WHAT IS BEING ASKED — Please output all of the entries exactly and omit any images they hold.

(EXTRACTED INFORMATION begins)

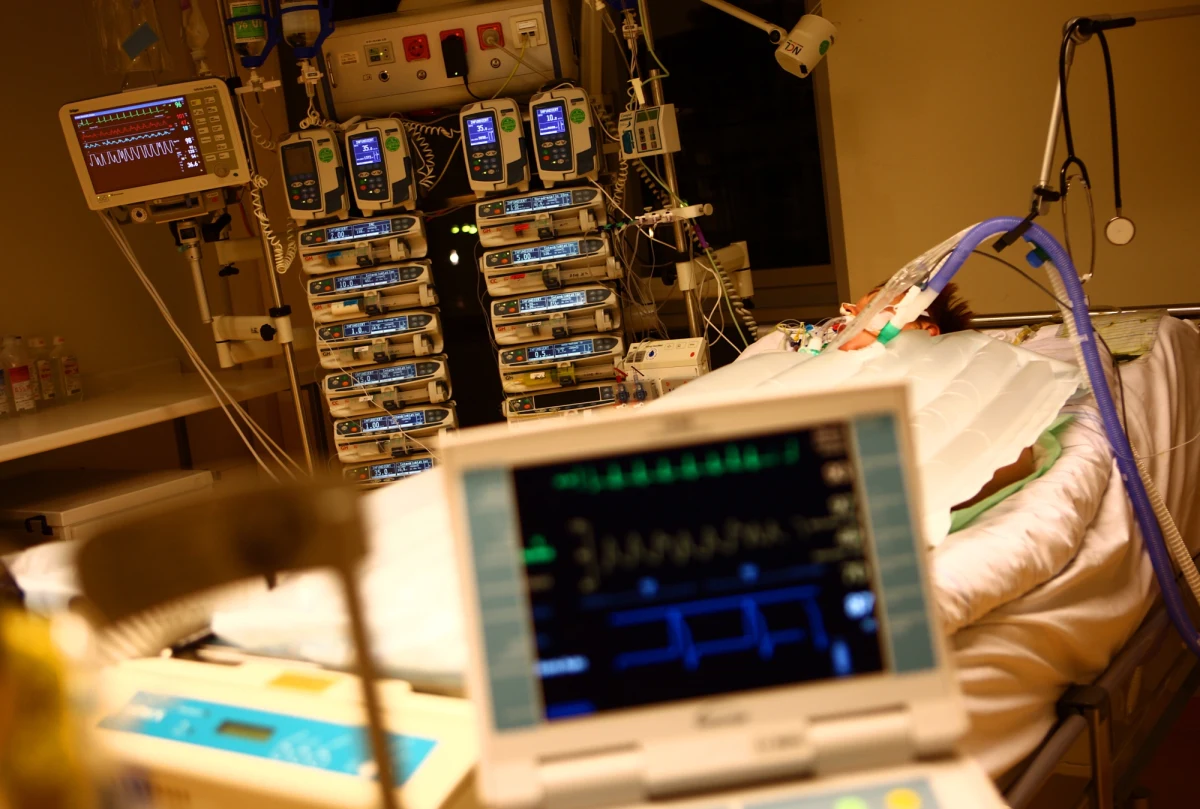 Blisko milion osób cierpi w Polsce na niewydolność serca. W ciągu pięciu lat umiera z tego powodu około 60 procent mężczyzn i 40 procent kobiet, u których rozpoznano chorobę. Co roku to około 60 tysięcy osób. Kluczowa jest profilaktyka i edukacja. 25 maja zapraszamy na Rynek Główny w Krakowie. O godz. 11 rozpocznie się tam Dzień Świadomości Niewydolności Serca.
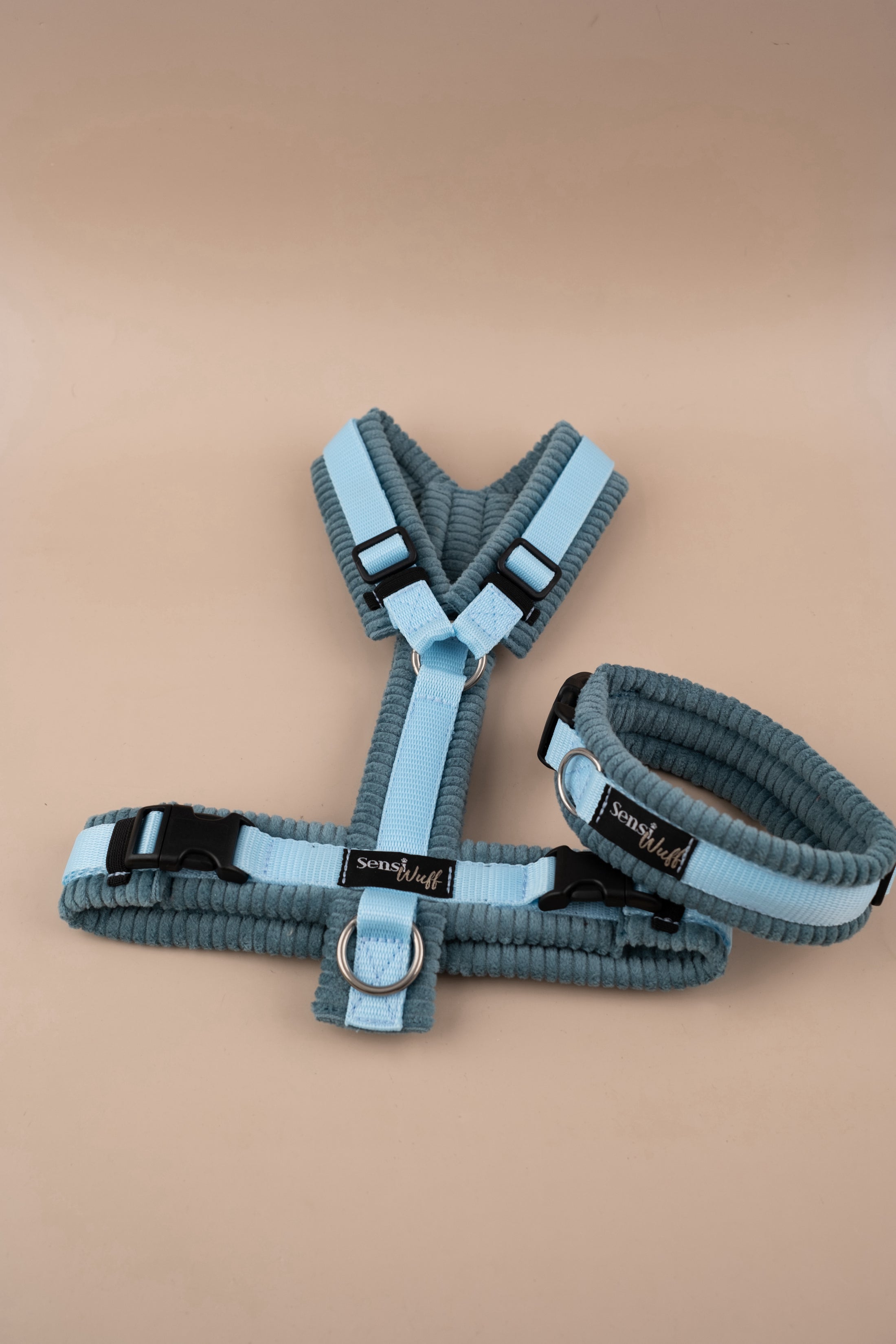 Geschirr "Soft Summer Breeze" Eisblau mit petrol Cord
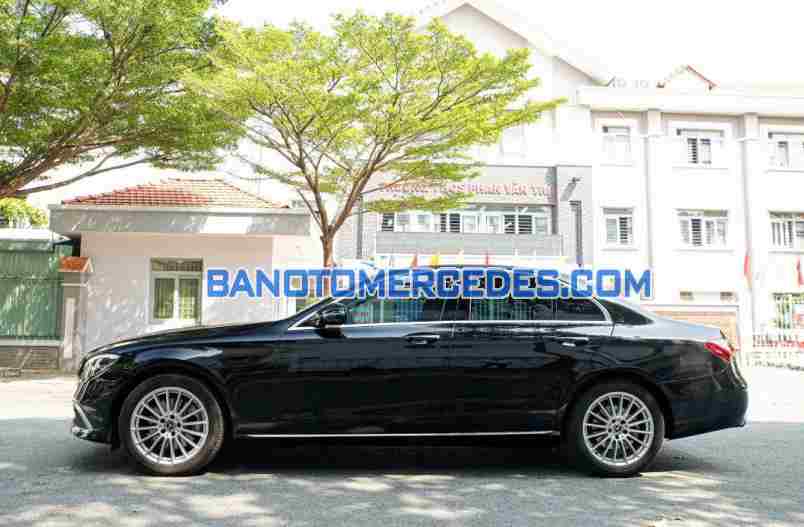 Mercedes Benz E class E200 Exclusive 2022 Số tự động cực đẹp!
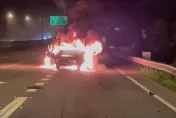 快訊/國1汐止段凌晨火燒車！小貨車追撞油罐車　駕駛逃生不及成焦屍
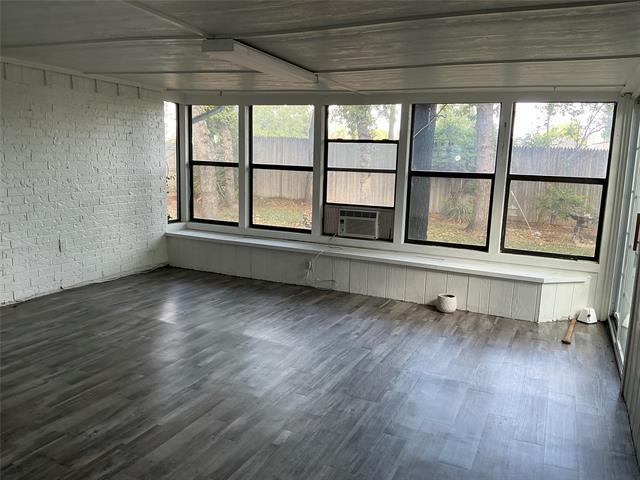 Photo - 4715 Lester Dr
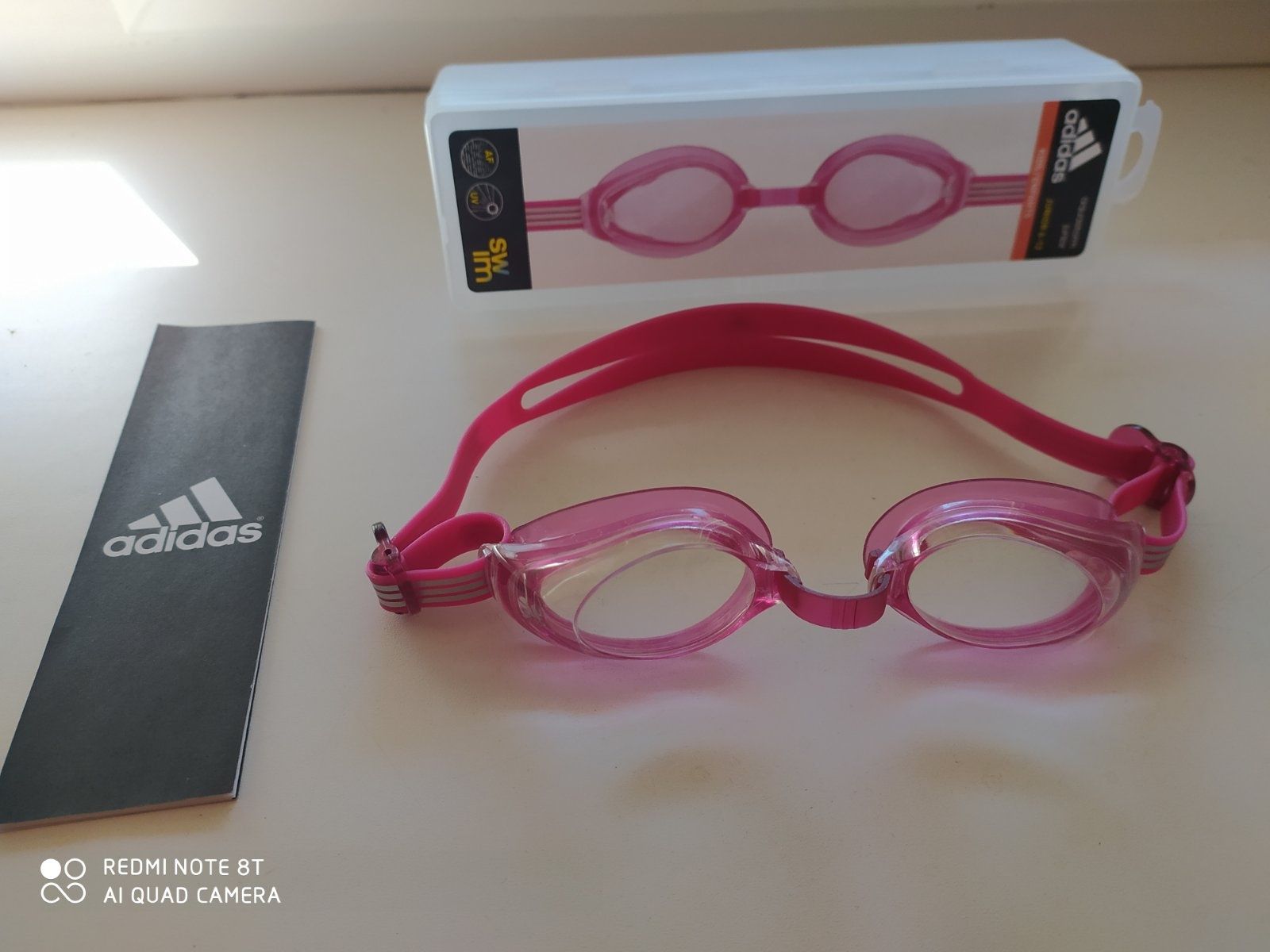 Очки для  плавання Adidas новые.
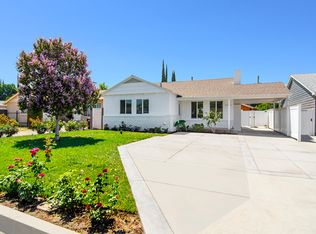 22446 Berdon St, Woodland Hills, CA 91367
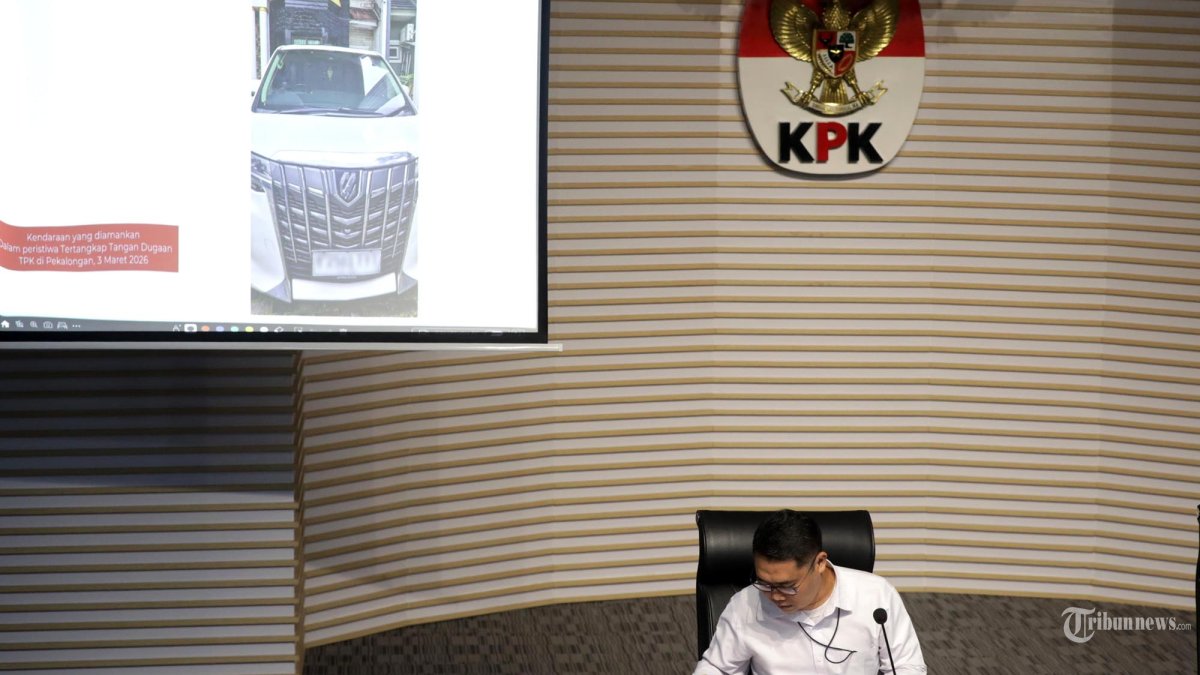 OTT KPK - Plt Deputi Penindakan dan Eksekusi Komisi Pemberantasan Korupsi (KPK) Asep Guntur Rahayu (kiri) didampingi Juru Bicara KPK Budi Prasetyo (kanan) menyampaikan keterangan serta menunjukan barang bukti berupa terkait Operasi Tangkap Tangan (OTT) Bupati Bupati Pekalongan kepada media di Gedung KPK Merah Putih, Jakarta,?, Rabu (4/3/2026). KPK resmi menahan Bupati Pekalongan?Fadia Arafiq terkait pengadaan jasa outsourcing dan pengadaan lainnya di lingkungan Pemerintah Kabupaten (Pemkab) Pekalongan Tahun Anggaran 2023-2026. TRIBUNNEWS/IRWAN RISMAWAN
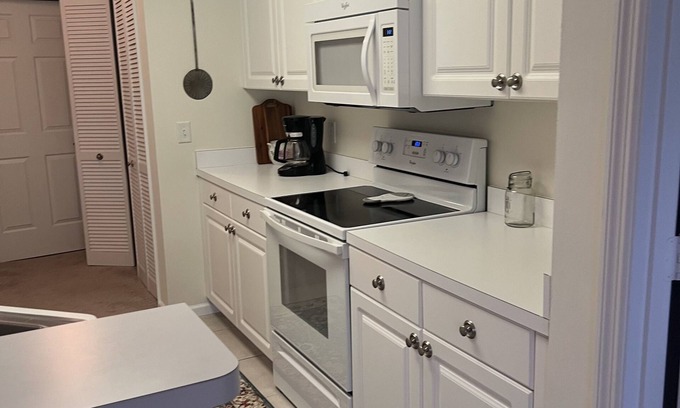Florida Ridge Villa | Seasonal rental. 2,500 per month includes utilities. 3 month minimum.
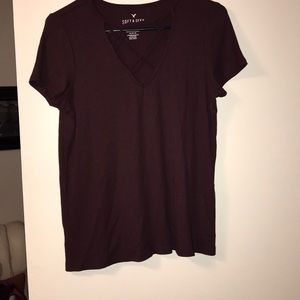 maroon v-neck t-shirt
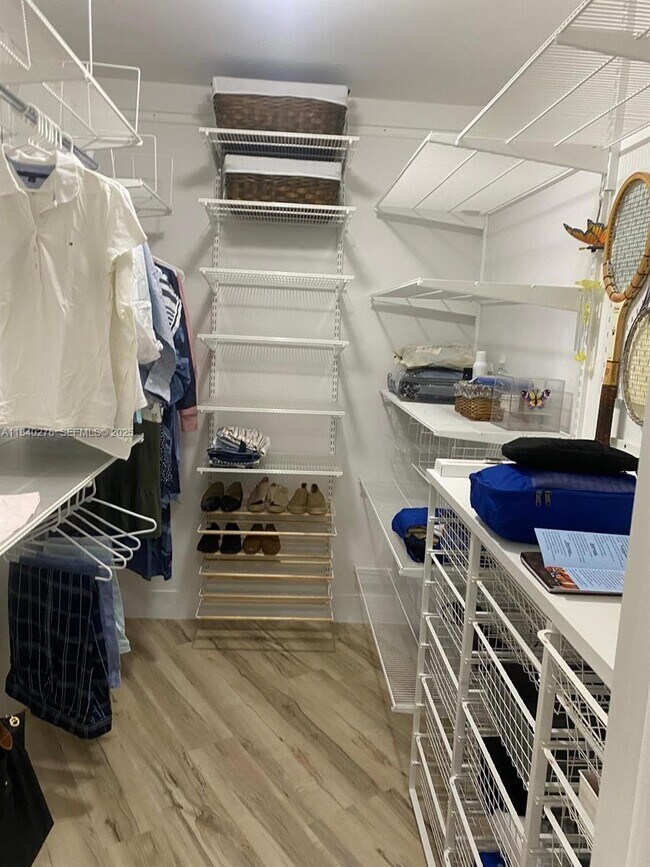 Building Photo - 1111 Crandon Blvd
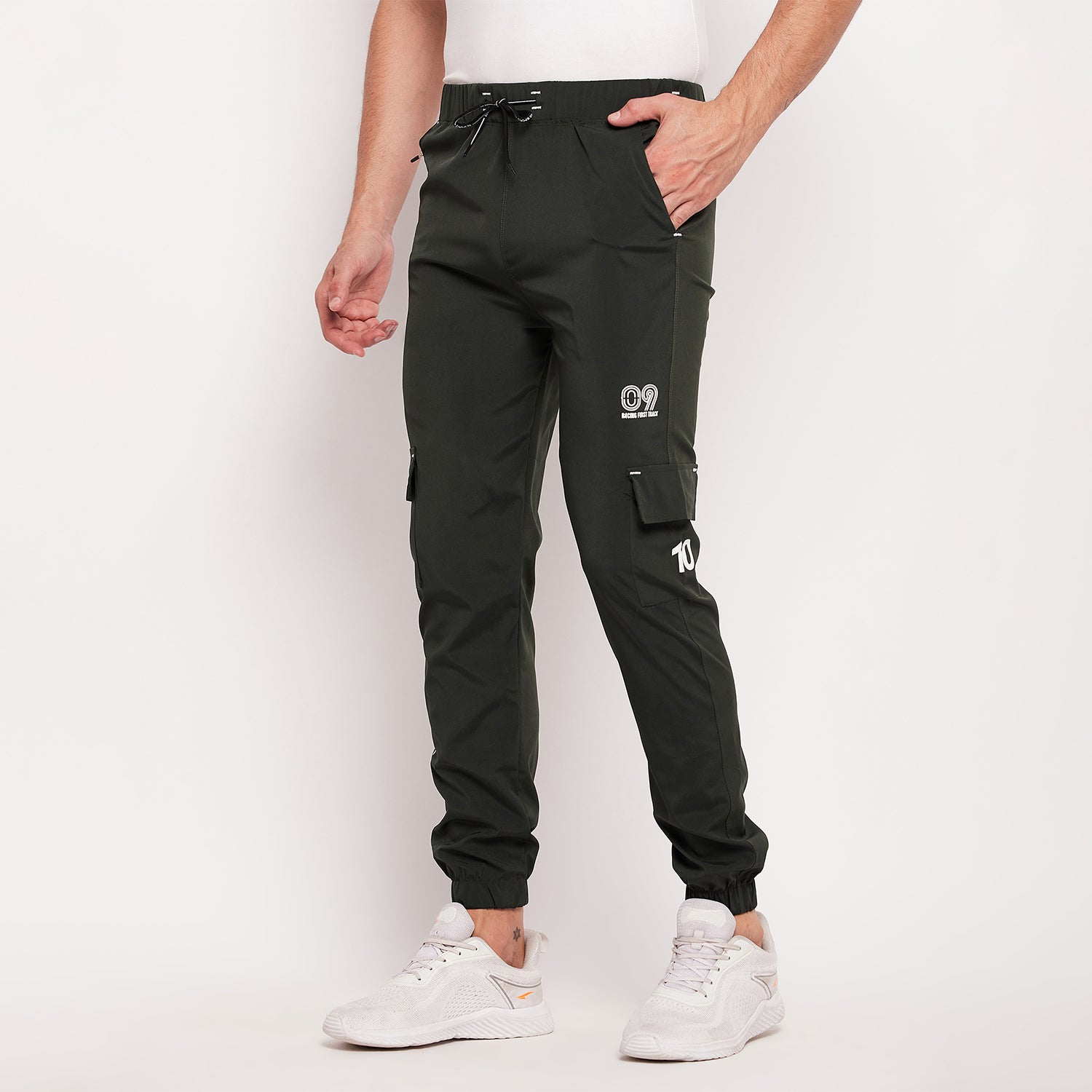 Men Tapered Fit Cargo Joggers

(EXTRACTED INFORMATION ends)

RESPONSE TO THE EXERCISE —
 Blisko milion osób cierpi w Polsce na niewydolność serca. W ciągu pięciu lat umiera z tego powodu około 60 procent mężczyzn i 40 procent kobiet, u których rozpoznano chorobę. Co roku to około 60 tysięcy osób. Kluczowa jest profilaktyka i edukacja. 25 maja zapraszamy na Rynek Główny w Krakowie. O godz. 11 rozpocznie się tam Dzień Świadomości Niewydolności Serca.
 Geschirr "Soft Summer Breeze" Eisblau mit petrol Cord
 Mercedes Benz E class E200 Exclusive 2022 Số tự động cực đẹp!
 快訊/國1汐止段凌晨火燒車！小貨車追撞油罐車　駕駛逃生不及成焦屍
 Photo - 4715 Lester Dr
 Очки для  плавання Adidas новые.
 22446 Berdon St, Woodland Hills, CA 91367
 OTT KPK - Plt Deputi Penindakan dan Eksekusi Komisi Pemberantasan Korupsi (KPK) Asep Guntur Rahayu (kiri) didampingi Juru Bicara KPK Budi Prasetyo (kanan) menyampaikan keterangan serta menunjukan barang bukti berupa terkait Operasi Tangkap Tangan (OTT) Bupati Bupati Pekalongan kepada media di Gedung KPK Merah Putih, Jakarta,?, Rabu (4/3/2026). KPK resmi menahan Bupati Pekalongan?Fadia Arafiq terkait pengadaan jasa outsourcing dan pengadaan lainnya di lingkungan Pemerintah Kabupaten (Pemkab) Pekalongan Tahun Anggaran 2023-2026. TRIBUNNEWS/IRWAN RISMAWAN
Florida Ridge Villa | Seasonal rental. 2,500 per month includes utilities. 3 month minimum.
 maroon v-neck t-shirt
 Building Photo - 1111 Crandon Blvd
 Men Tapered Fit Cargo Joggers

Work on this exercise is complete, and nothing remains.